Начальник штаба главнокомандующего генерал И. П. Романовский.
В начале марта ко мне пришел протопресвитер отец Георгий Шавельский и убеждал меня освободить Ивана Павловича от должности, уверяя, что в силу создавшихся настроений в офицерстве возможно убийство его. Об этом эпизоде отец Георгий писал мне впоследствии:
«Чтобы Иван Павлович не заподозрил меня в какой-нибудь интриге против него, я, прежде чем беседовать с Вами, побывал у него и, скрепя сердце, нарисовал ему полную картину поднявшейся против него злобы.
Иван Павлович слушал спокойно, как будто бесстрастно, и только спросил меня: „Скажите, в чем меня обвиняют?“
„Для клеветы нет границ, – ответил я, – во всем. Говорят, например, что Вы на днях отправили за границу целый пароход табаку, и дальше в этом и другом роде“.
Иван Павлович опустил голову на руки и замолк.
Действительно, чего только не валили на его бедную голову: его считали хищником, когда я знаю, что в Екатеринодаре и Таганроге для изыскания жизненных средств он должен был продавать свои старые, вывезенные из Петрограда вещи; его объявили „жидо-масоном“, когда он всегда был вернейшим сыном православной церкви; его обвиняли в себялюбии и высокомерии, когда он ради пользы дела старался совсем затушевать свое я, и так далее.
Я умолял теперь Ивана Павловича уйти на время от дел, пока отрезвеют умы и смолкнет злоба.
Он ответил мне, что это его самое большое желание…
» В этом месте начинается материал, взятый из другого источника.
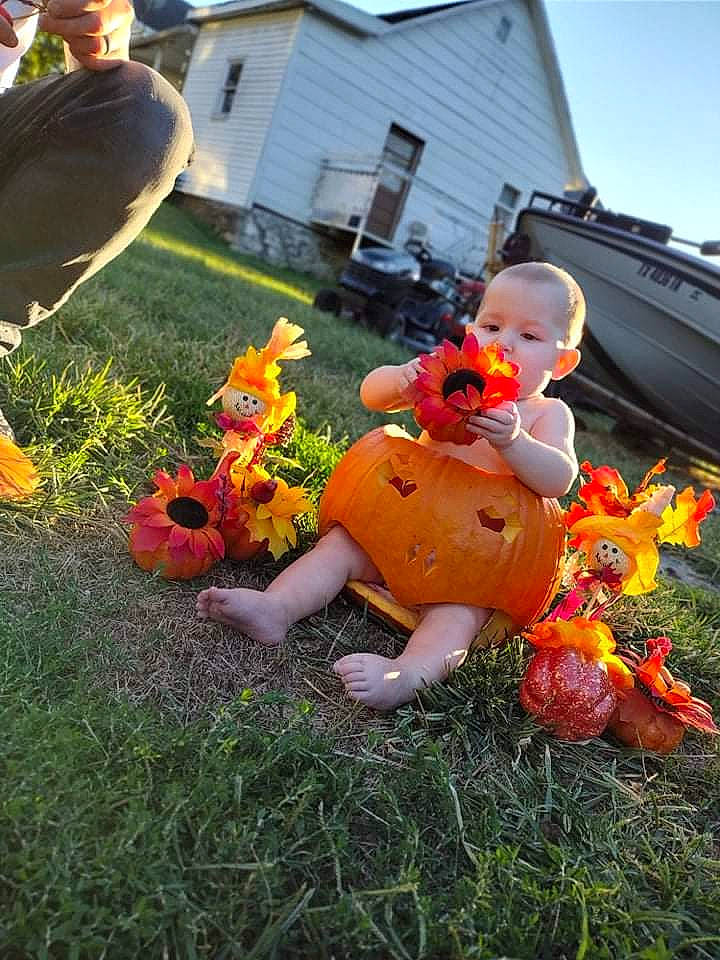 Isabella joined the competition — help win amazing prizes! annual_plant, calabaza, flower, fun, garden, grass, happy, landscape, lawn, lawn_ornament, leisure, orange, person, petal, plant, pumpkin, rose, sky, stuffed_toy, toy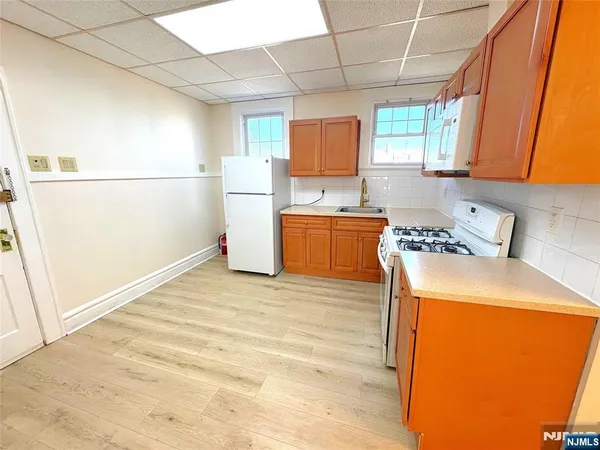a kitchen with a refrigerator a stove a sink dishwasher and wooden cabinets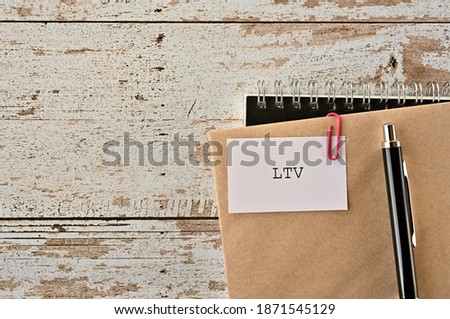 There is a piece of paper with "LTV" written on it. It was an abbreviation for Life Time Value. It was on top of white damaged wood table with a envelope and a notebook.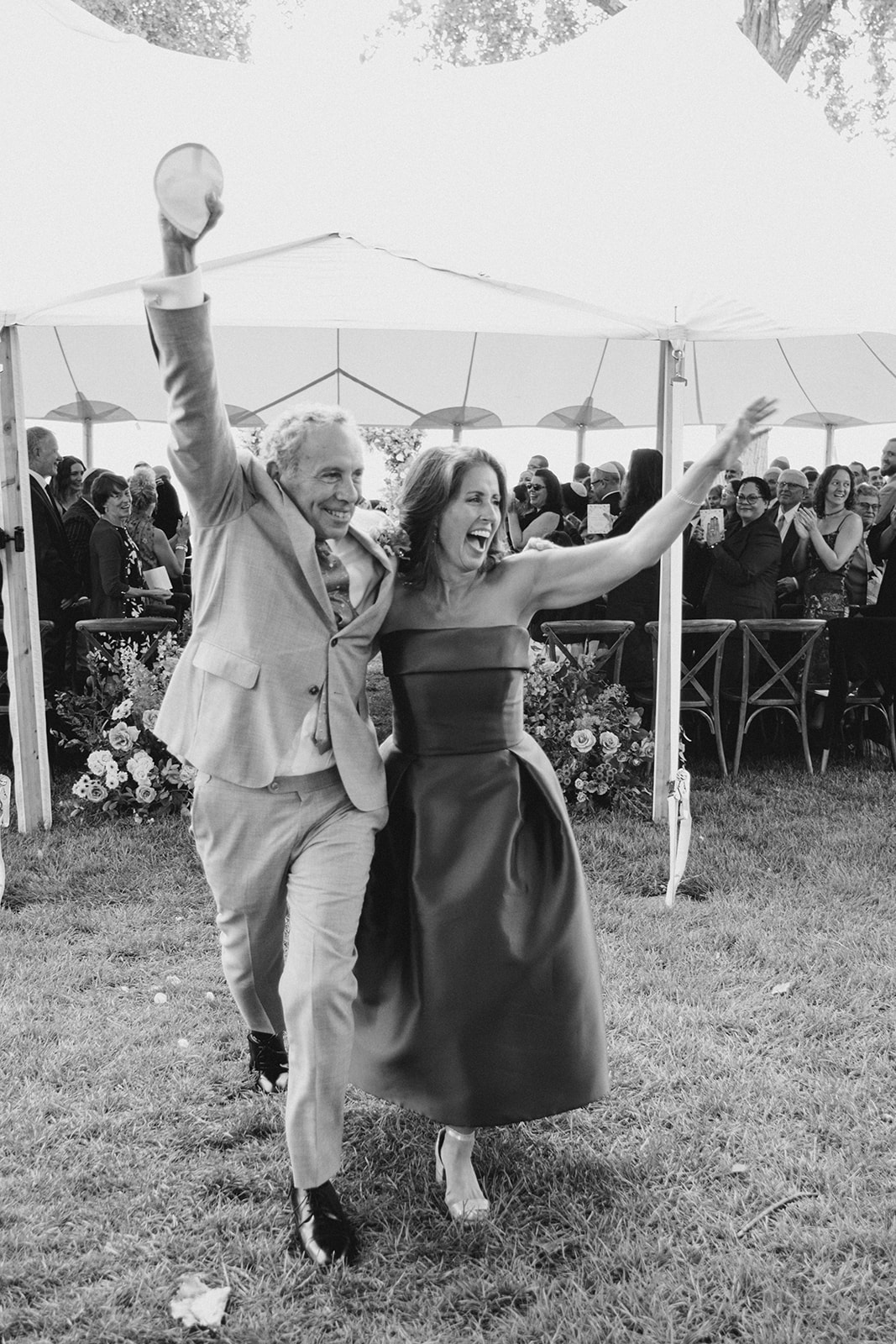 Mother and father of bride exit wedding ceremony as they cheer.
Вы знаете, как одиозно было тогда в армии имя Ивана Павловича; может быть, слышите, что память его не перестает поноситься и доселе. Необходимо рассеять гнусную клевету и соединенную с нею ненависть, преследовавшие этого чистого человека при его жизни, не оставившие его и после смерти. Я готов был бы как его духовник, которому он верил и которому он открывал свою душу, свидетельствовать перед миром, что душа эта была детски чиста, что он укреплялся в подвиге, который он нес, верою в Бога, что он самоотверженно любил Родину, служил ей только из горячей, беспредельной любви к ней, что, не ища своего, забывал о себе, что он живо чувствовал людское горе и страдание и всегда устремлялся навстречу ему».